Your objective:
Set down the data below in full and exactly, minus the pictures.

Input data:
§ §

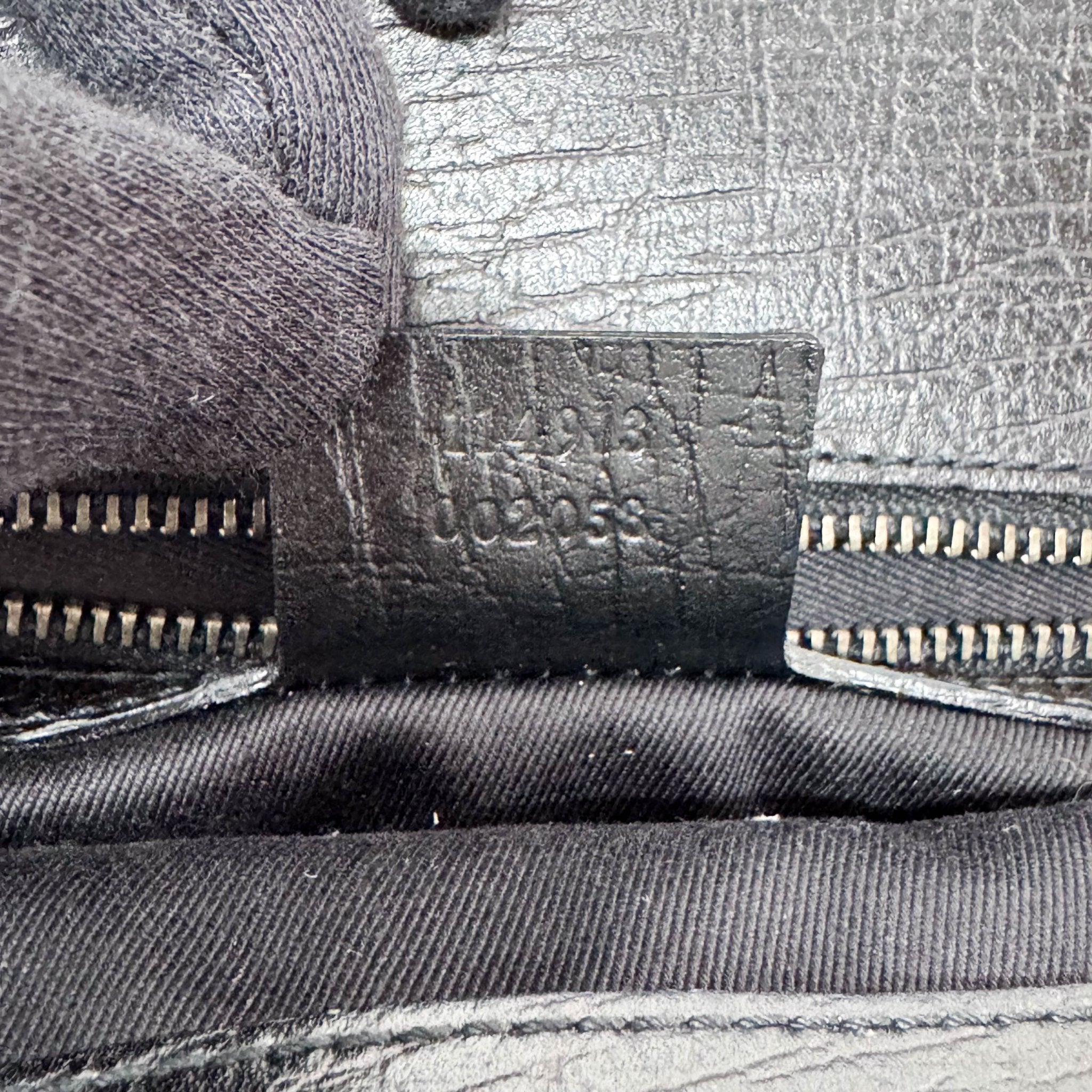 GUCCI Horsebit Chain Black GG Canvas & Leather Shoulder Bag, in , Sold by HIVE PRELOVED - Shoulder Bags, ,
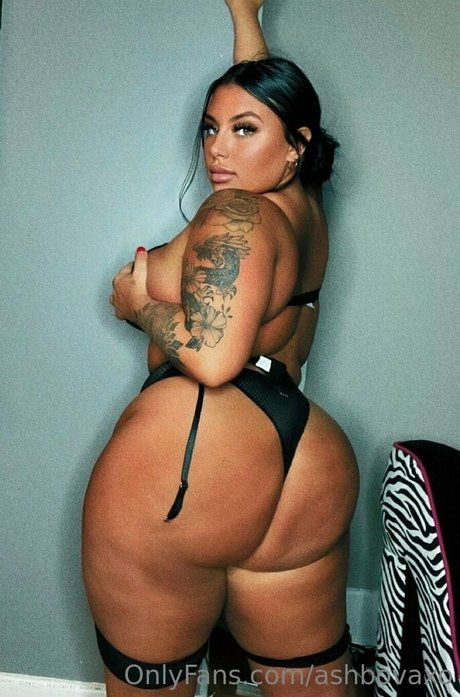 ashbovaxo sexy pornstar gallery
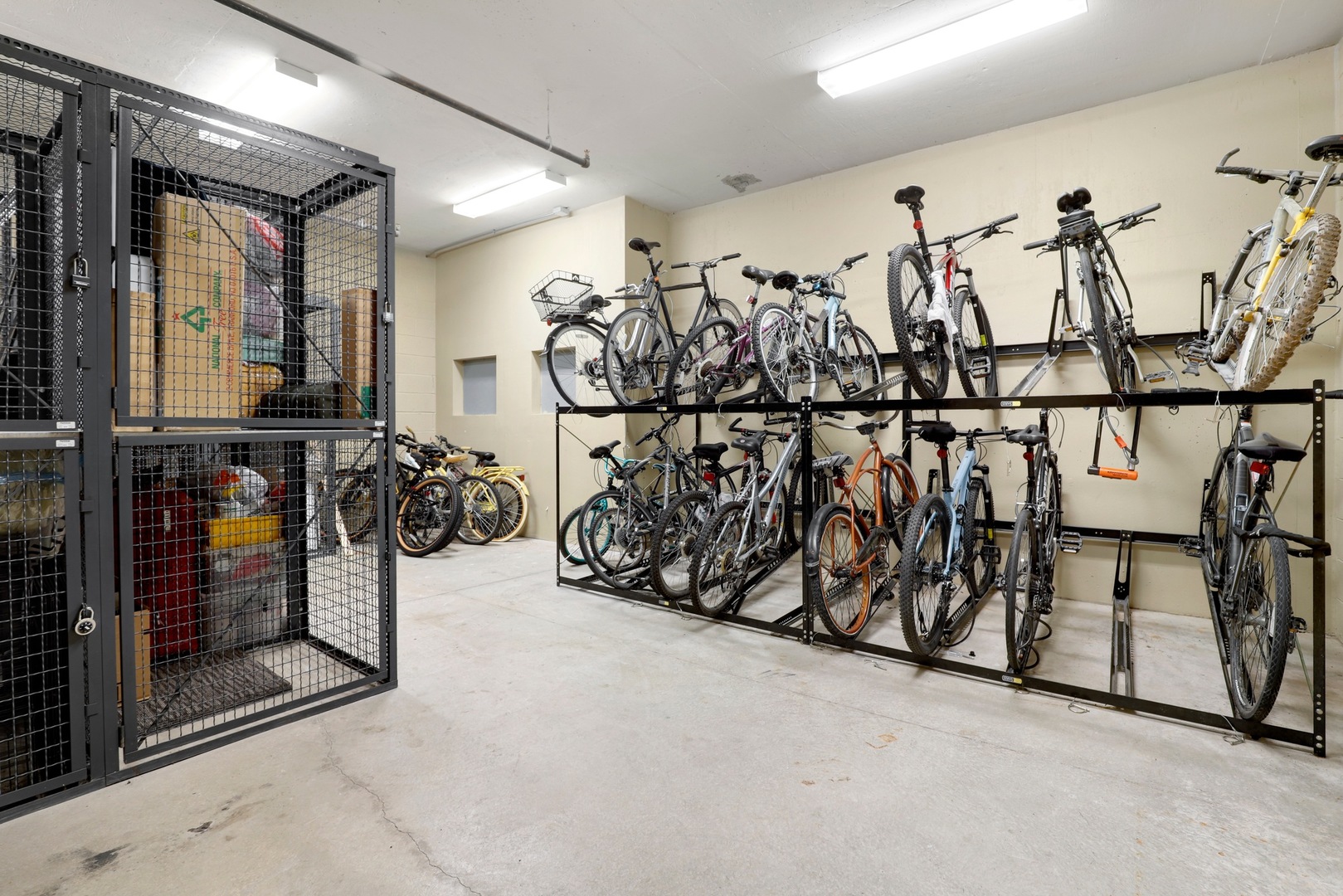 511 West Division Street, Unit 606 Chicago, IL 60610 - Photo 17 of 18
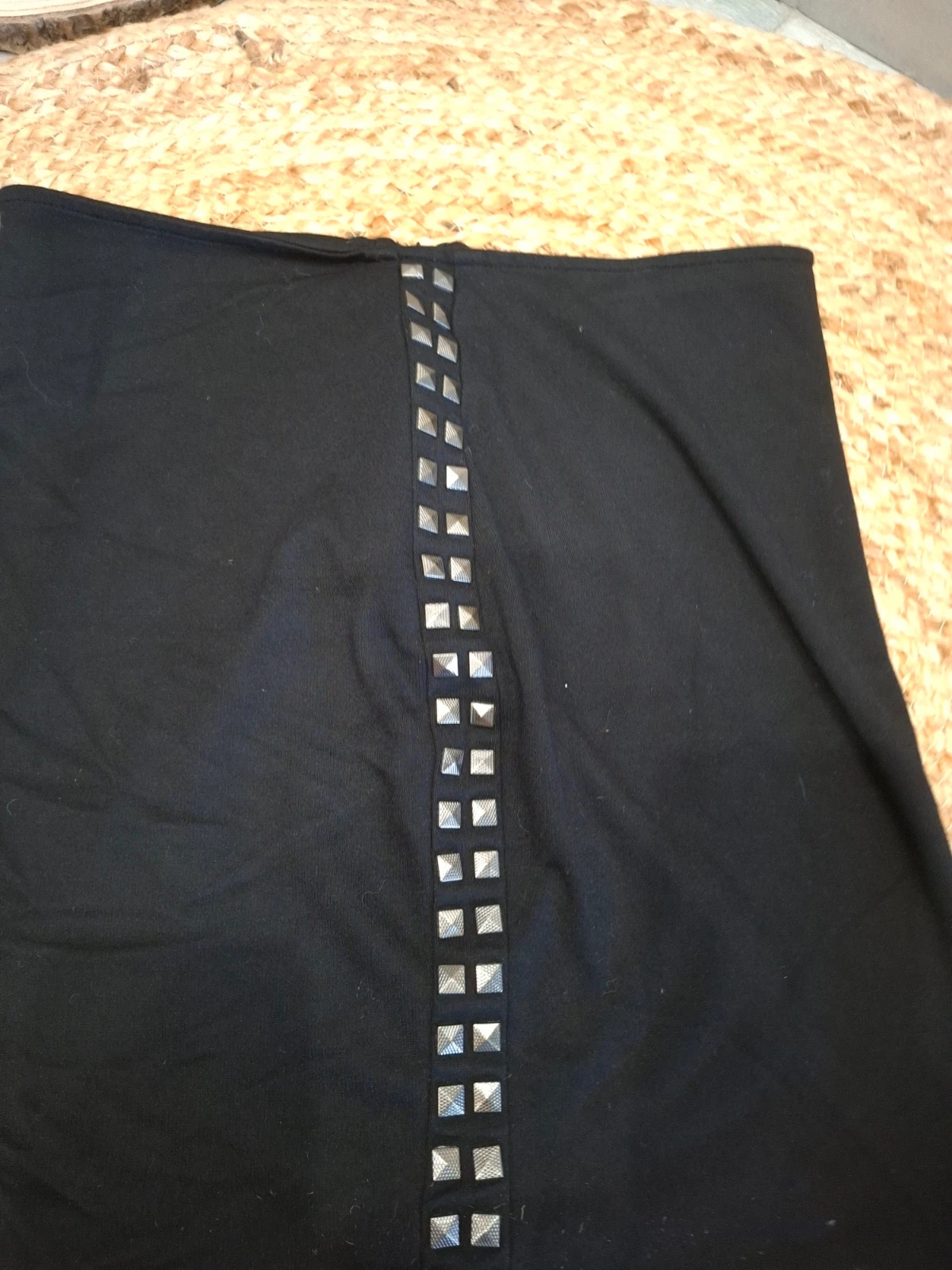Jupe courte noire Mango MNG à clous – rock chic – T38 – MGN – taille M / 38 / 10 2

§ §

Your response:
 GUCCI Horsebit Chain Black GG Canvas & Leather Shoulder Bag, in , Sold by HIVE PRELOVED - Shoulder Bags, ,
 ashbovaxo sexy pornstar gallery
 511 West Division Street, Unit 606 Chicago, IL 60610 - Photo 17 of 18
Jupe courte noire Mango MNG à clous – rock chic – T38 – MGN – taille M / 38 / 10 2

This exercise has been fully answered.